Soviet scenario for NASA Shuttle salvage

by Chris Bergin

NASA engineers have been looking into the very real possibility of programming the Shuttles to return from orbit and land unmanned, independently from their crew. This would allow the astronauts to take refuge on the International Space Station in the event of problems, to avoid any future disasters upon the Orbiter’s return to Earth.

This option is being researched since the loss of Columbia and her crew in 2003 and serves as another precautionary step towards ensuring a safer space flight.
In the past, one such unmanned return to Earth was successfully accomplished by a competitor Shuttle from the Soviet Union.  The Russian Space Shuttle Buran made the unmanned flight in November 1988 and returned to a runway landing back in Russia.  The Shuttle was controlled only by computors.
The NASA Shuttles already have a system that can automatically perform most landing functions.  At present however, some key tasks – such as lowering the landing gear and deploying a pair of probes that collect airspeed, altitude and temperature data during the last moments of flight – require an astronaut at the controls.

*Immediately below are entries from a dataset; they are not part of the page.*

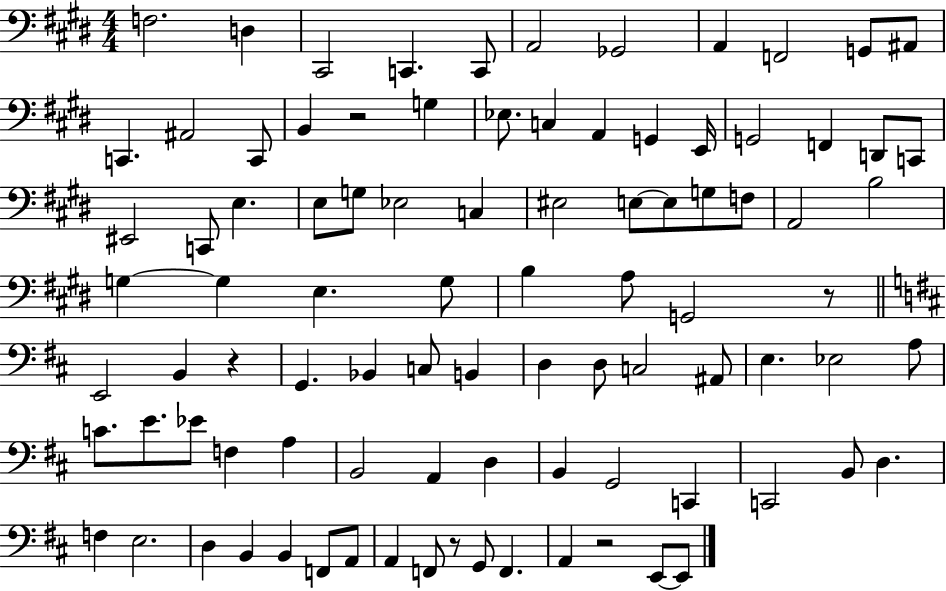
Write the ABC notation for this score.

X:1
T:Untitled
M:4/4
L:1/4
K:E
F,2 D, ^C,,2 C,, C,,/2 A,,2 _G,,2 A,, F,,2 G,,/2 ^A,,/2 C,, ^A,,2 C,,/2 B,, z2 G, _E,/2 C, A,, G,, E,,/4 G,,2 F,, D,,/2 C,,/2 ^E,,2 C,,/2 E, E,/2 G,/2 _E,2 C, ^E,2 E,/2 E,/2 G,/2 F,/2 A,,2 B,2 G, G, E, G,/2 B, A,/2 G,,2 z/2 E,,2 B,, z G,, _B,, C,/2 B,, D, D,/2 C,2 ^A,,/2 E, _E,2 A,/2 C/2 E/2 _E/2 F, A, B,,2 A,, D, B,, G,,2 C,, C,,2 B,,/2 D, F, E,2 D, B,, B,, F,,/2 A,,/2 A,, F,,/2 z/2 G,,/2 F,, A,, z2 E,,/2 E,,/2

“All of those things in a theoretical sense can be automated, but they are not currently connected to the computer system,” said Wayne Hale, deputy director of the shuttle program on linking up elements such as deploying the landing gear.
Each Shuttle has automated systems, where computers debate and vote between themselves to decide the right course of action. However, this is mainly used on launches.

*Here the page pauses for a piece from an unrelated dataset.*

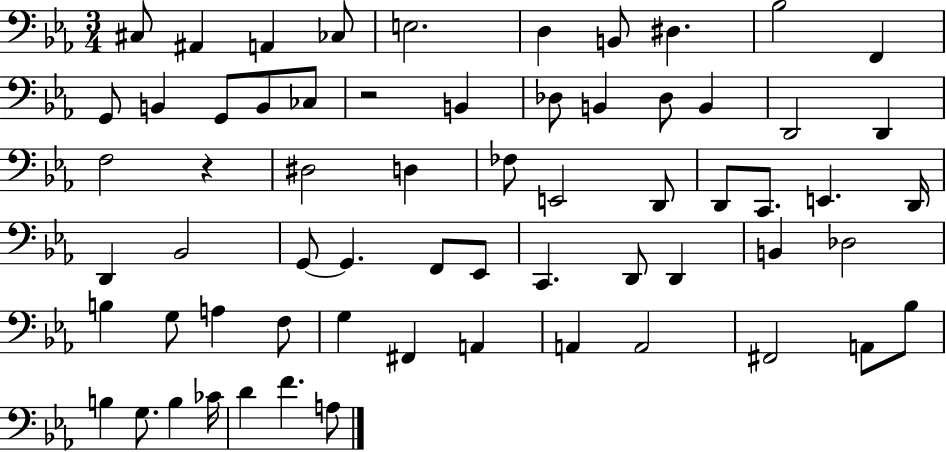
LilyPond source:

NASA’s potential changes would allow the flight team on the ground to land an unmanned Orbiter by remote command.
Hale added “When we designed the Shuttle years ago, they [the elements] weren’t [connected] for a variety of reasons.” Hale then went on to state, “The modifications to allow that capability to be automated are going to take some time.”
If that capability becomes a reality, it could give NASA an alternative to scuttling a damaged orbiter and allowing them to save themselves. Plans developed after the 2003 Columbia accident raise the possibility that future shuttle crews might seek safe haven at the space station if there is evidence their ship needs repairs, rather than risk the fiery plunge home through Earth’s atmosphere.